La préconisation 16 est particulièrement mise en avant : abroger le Contrat d'Engagement Républicain (CER), jugé liberticide, et lui substituer la Charte des engagements réciproques, dont une évaluation nationale des déclinaisons locales est appelée de vœux.
• L'Enjeu Crucial des Ressources : Un constat traverse toutes les interventions : la coconstruction et l'interpellation requièrent des moyens.
Il est essentiel de faire reconnaître et financer la fonction "d'ingénierie et d'animation des coopérations" pour garantir un équilibre des pouvoirs dans le dialogue.
• Vers un "Soulèvement Associatif" : Face au durcissement du contexte, le CAC lance un appel à une mobilisation pour un "soulèvement associatif", visant à reprendre une parole politique forte.
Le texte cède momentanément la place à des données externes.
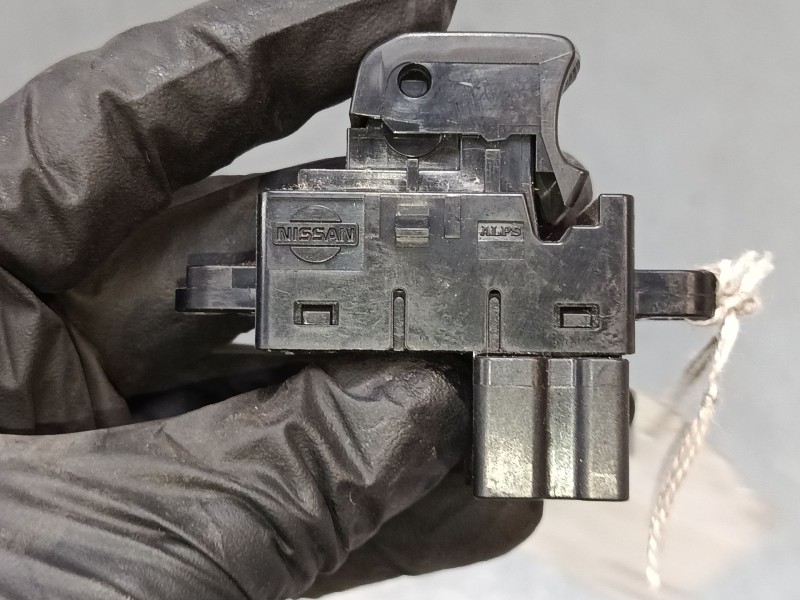 Recambio de mando elevalunas trasero izquierdo para nissan qashqai i (j10, nj10) 1.6 referencia OEM IAM 25411BR00A  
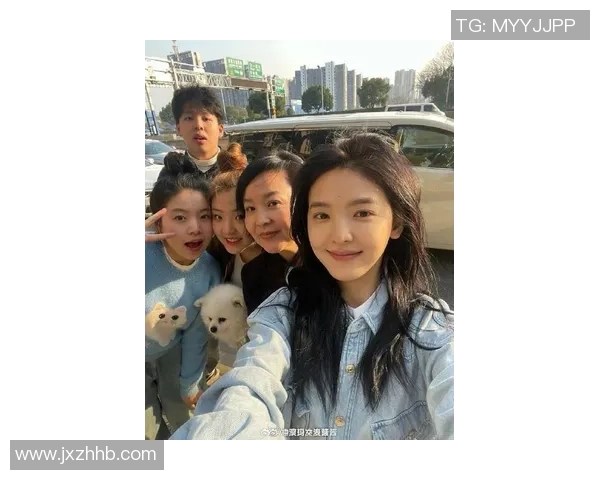 章若楠与足球球星互动频繁引热议 粉丝纷纷猜测两人关系发展 章若楠与足球球星互动频繁引热议 粉丝纷纷猜测两人关系发展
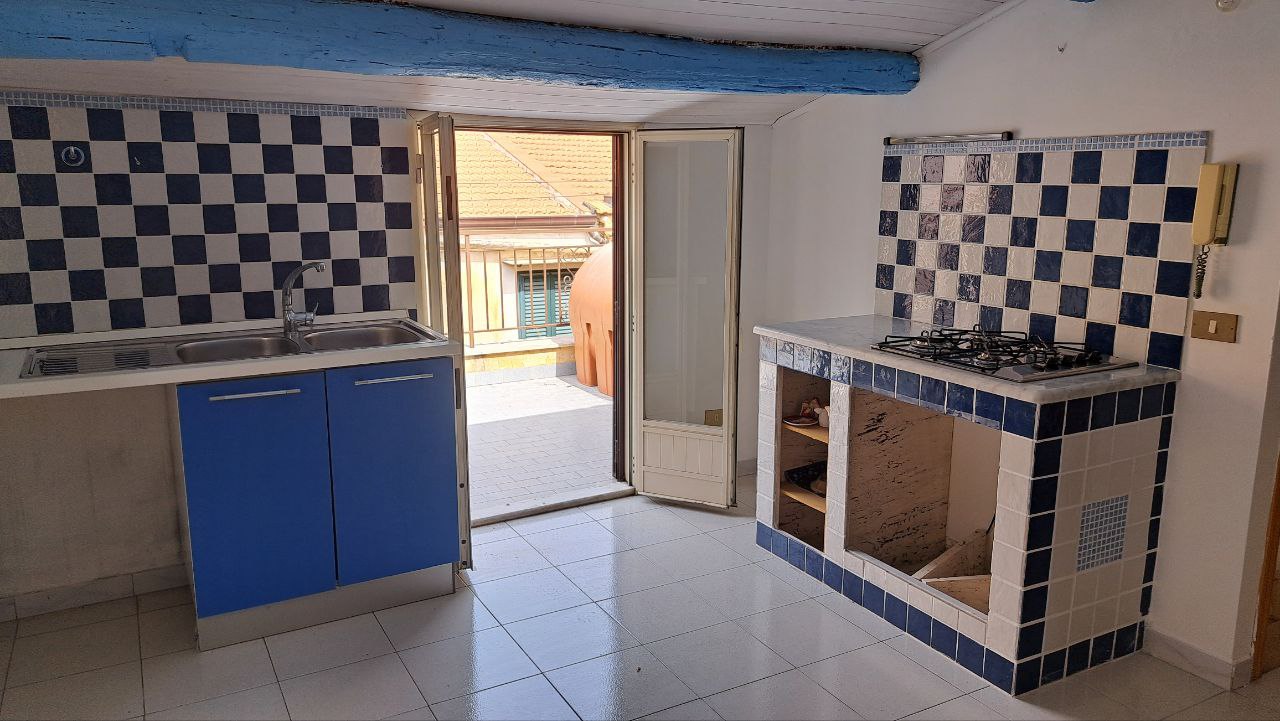 Chiasso Macaluso casetta indipendente con terrazzo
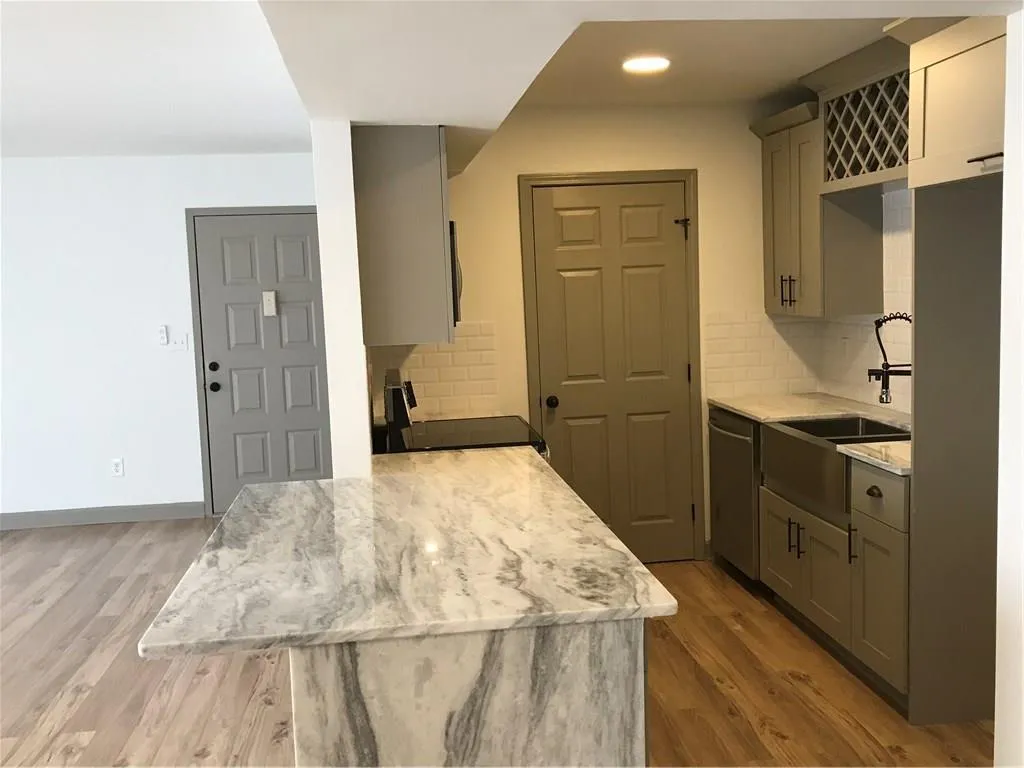 1402 Wingate Way, Sandy Springs, Georgia 30350, 1 Bedroom Bedrooms, ,1 BathroomBathrooms,Residential,Sold,1402 Wingate Way,5943013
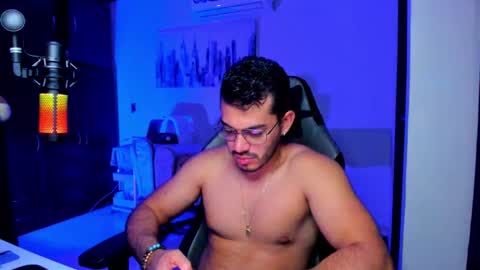 Snapshot of bruno_diaz31 chatting on 10.20.25 Bruno online show from 10.20.25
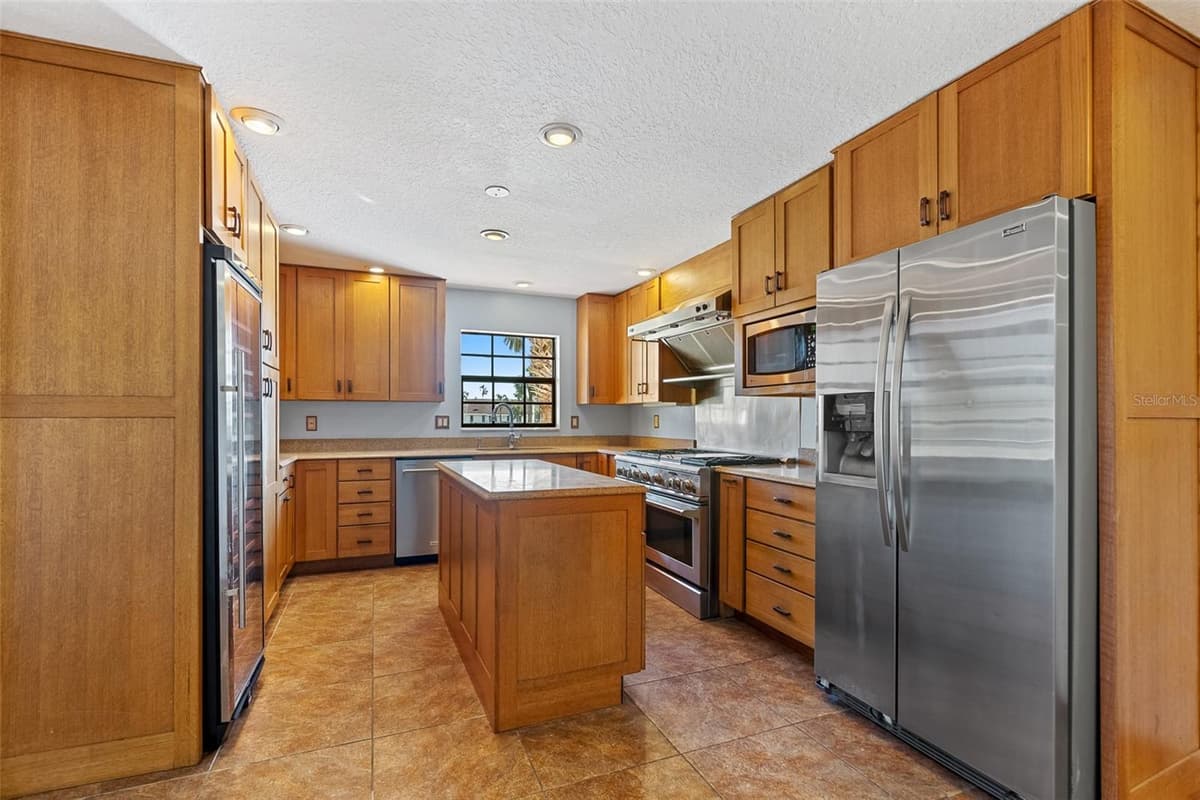 3726 ATLANTIC AVENUE — photo 4 of 62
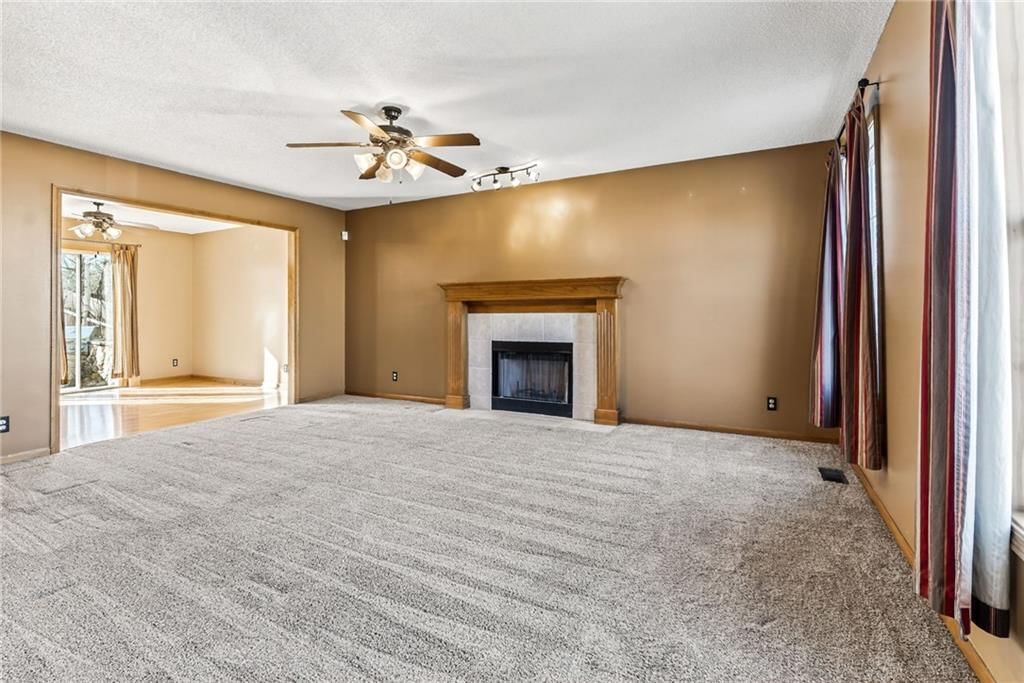 7436 N LEWIS Avenue — photo 8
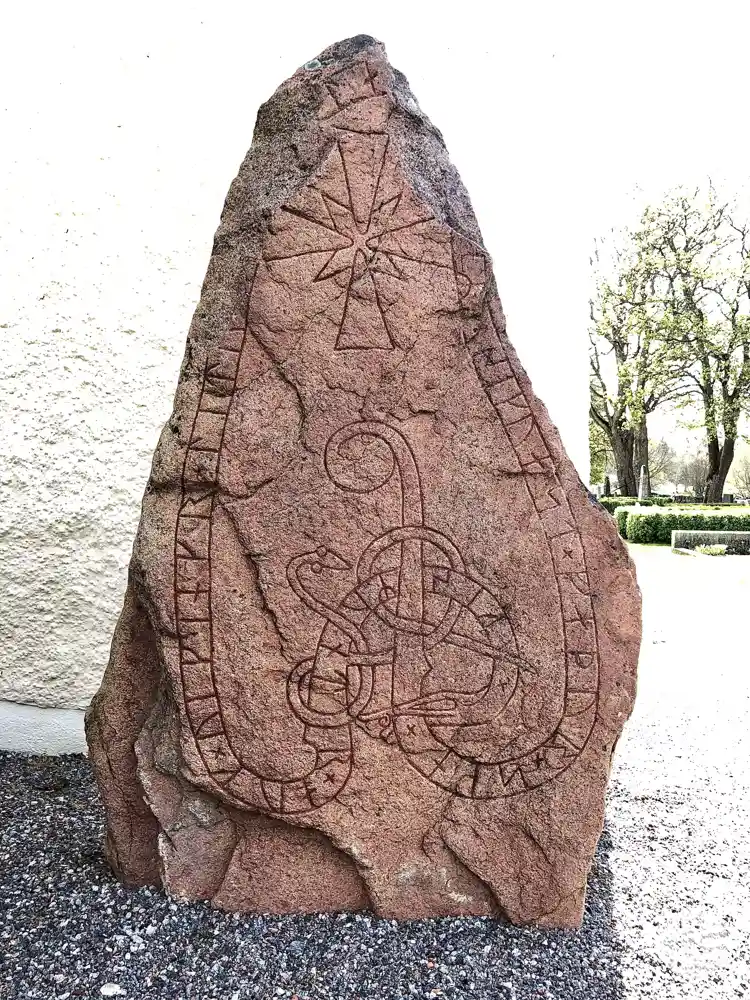 Fotografi av Runsten U260, L2017:6050 taget av Niklas Vackerdag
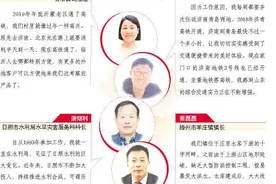 鲁南高铁带火了沂蒙山村游，高铁站门口停着景区摆渡车图片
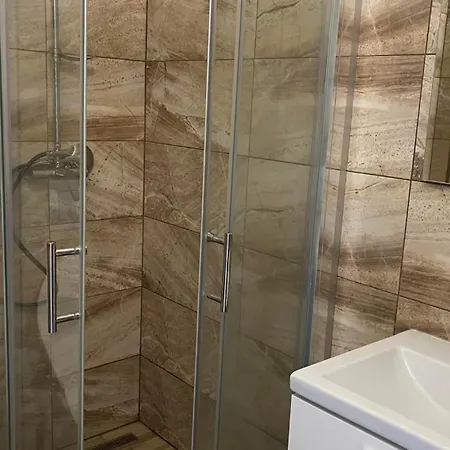 Eska S Pivovarem Mj בית הארחה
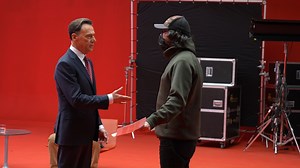 🎙 Matías Prats es una de las personas mejor valoradas por el público. 🧐 ¿Cuál es su secreto? Dale al play para enterarte. #GraciasMatías | Línea Directa Aseguradora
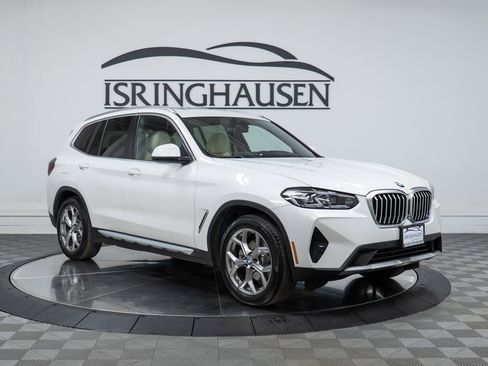 Used 2022 BMW X3 xDrive30i w/ Premium Package 2 (ZPA) image 3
Cette initiative est soutenue par la nécessité de documenter la situation, notamment via l'enquête nationale sur la santé financière des associations lancée par le Rnma, le Mouvement associatif et Hexopée.
• S'outiller Méthodologiquement : La suite des travaux de la recherche participative ESCAPE devrait se concentrer sur la production d'outils méthodologiques, voire de manuels et de formations, pour aider les acteurs associatifs et les collectivités à mettre en œuvre des démarches de coconstruction rigoureuses et efficaces.